Tra le particolarità della cucina italiana, uno degli elementi di interesse, soprattutto se vista dalla prospettiva del nord Europa, è la ricchezza e la varietà delle verdure invernali, spesso caratterizzate dalla nota amara del sapore. Pensiamo ai carciofi, alle varie cicorie (come la scarola o le puntarelle), alle cime di rapa o al cavolo nero, e naturalmente al radicchio.
Quest’ultimo in particolare, soprattutto nelle varietà più pregiate – il radicchio rosso di Treviso, quello di Verona o di Chioggia e il radicchio variegato di Castelfranco – negli ultimi decenni ha vissuto un progressivo espandersi del mercato, sia pure restando un prodotto di nicchia destinato soprattutto all’alta gastronomia o ad un pubblico di intenditori.
Se dunque da lato un abbiamo osservato una crescente diffusione in Europa e nel mondo, legata alla espansione del commercio mondiale, d’altra queste varietà di radicchio mantengono una collocazione di nicchia nel mercato.
La forza e l’unicità dei radicchi veneti deriva soprattutto dalle modalità di produzione, basate su condizioni materiali non facilmente ripetibili in località diverse da quelle di origine (ad esempio dalla grande disponibilità di acqua sorgiva) e una grande intensità di mano d’opera (che ha reso questo prodotto impermeabile alle grinfie dell’agrobusiness, in quanto non realizzabile secondo modalità intensive).

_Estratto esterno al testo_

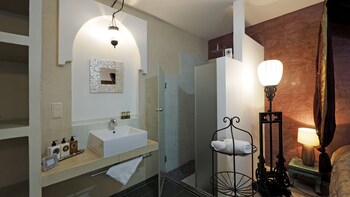 the rooms bed and breakfast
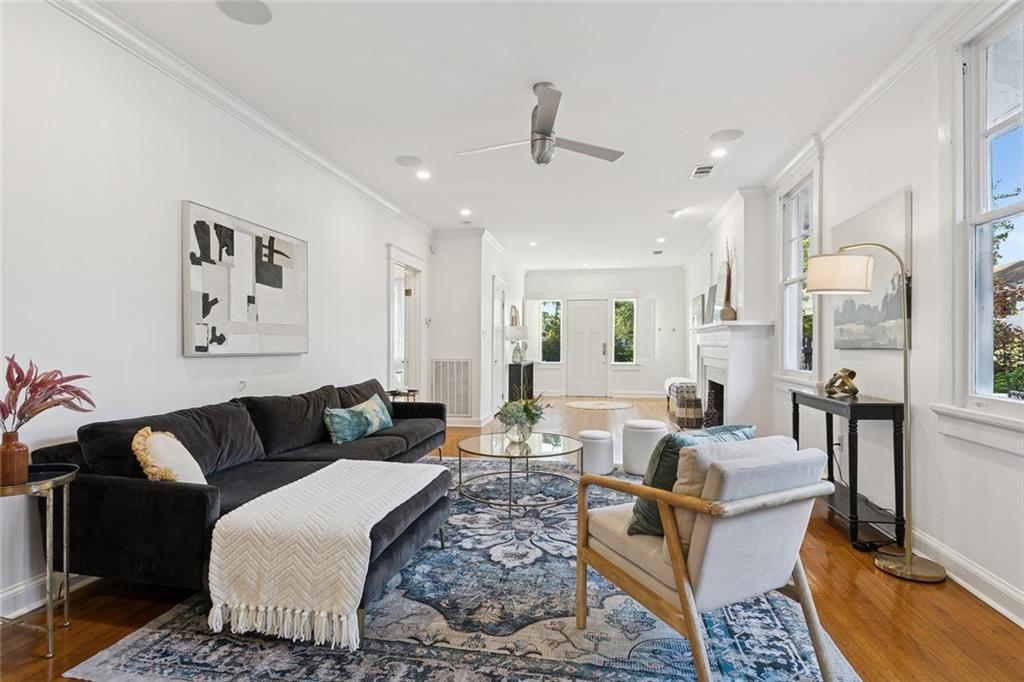 2237 AUDUBON Street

Queste peculiarità del radicchio – espressione di un territorio ben preciso e realizzato sostanzialmente da aziende di dimensione familiare – che ne fanno un prodotto commercialmente vincente per la sua qualità, che suscita un interesse crescente in tutto il mondo, oggi vede questo potenziale minacciato soprattutto dalla crisi climatica. La legittima richiesta degli agricoltori di veder riconosciuta e tutelata la specificità di un prodotto inimitabile ha negli anni trovato una risposta sia nelle legislazioni nazionali che in quella europea, come pure nella nascita di consorzi che si propongono appunto di tutelare l’originalità e unicità dei prodotti. Una parte importante di questi processi è la definizione dei disciplinari che stabiliscono il modo in cui deve avvenire la produzione, che consente poi l’uso legittimo del nome e/o del marchio tutelato dalla legge o dai consorzi.
Per tutelare la qualità e l’originalità ci si impegna cioè a seguire regole comuni nella produzione, sia nei materiali, che nei processi di produzione.
Ma negli ultimi anni, il cambiamento climatico sta mettendo a dura prova i disciplinari di produzione del radicchio. Si pensi al radicchio rosso di Treviso, per il quale uno dei fattori importanti per determinare l’esito del complesso metodo di produzione è il freddo: con le gelate la brina blocca il processo di sviluppo delle foglie, che poi ricresceranno al coperto, durante il processo di forzatura/imbianchimento con cui si ottiene il caratteristico colore rosso, la speciale croccantezza, la costruzione di un sapore piacevolmente amaro. Ma ormai con il cambio climatico le gelate tra novembre e gennaio sono diventate una rarità e si è stati costretti a rivedere il disciplinare, riducendo il requisito ad una sola gelata.
Nonostante questo, molti produttori non riescono a rispettare il disciplinare ed hanno deciso di abbandonare il consorzio di tutela. Si pensi che nell’inverno 2020, in alcune campagne del trevigiano la prima gelata è arrivata a marzo – arrecando tra l’altro danni ai frutti primaverili – e che gli ultimi radicchi sono stati messi sul mercato ad inizio maggio, a primavera già avviata. Se pensiamo inoltre, che a rendere peculiare il modo di produzione del radicchio è la grande quantità di acqua disponibile nel territorio della provincia di Treviso, possiamo ben capire come i cambiamenti del clima siano una minaccia crescente per il radicchio. Proprio il tessuto di piccole aziende locali, che storicamente ha garantito la qualità unica di questi prodotti, deve trovare presto la capacità di guardare e pensare in grande, con uno sguardo più ampio sul mondo, se vuole essere all’altezza della sfida.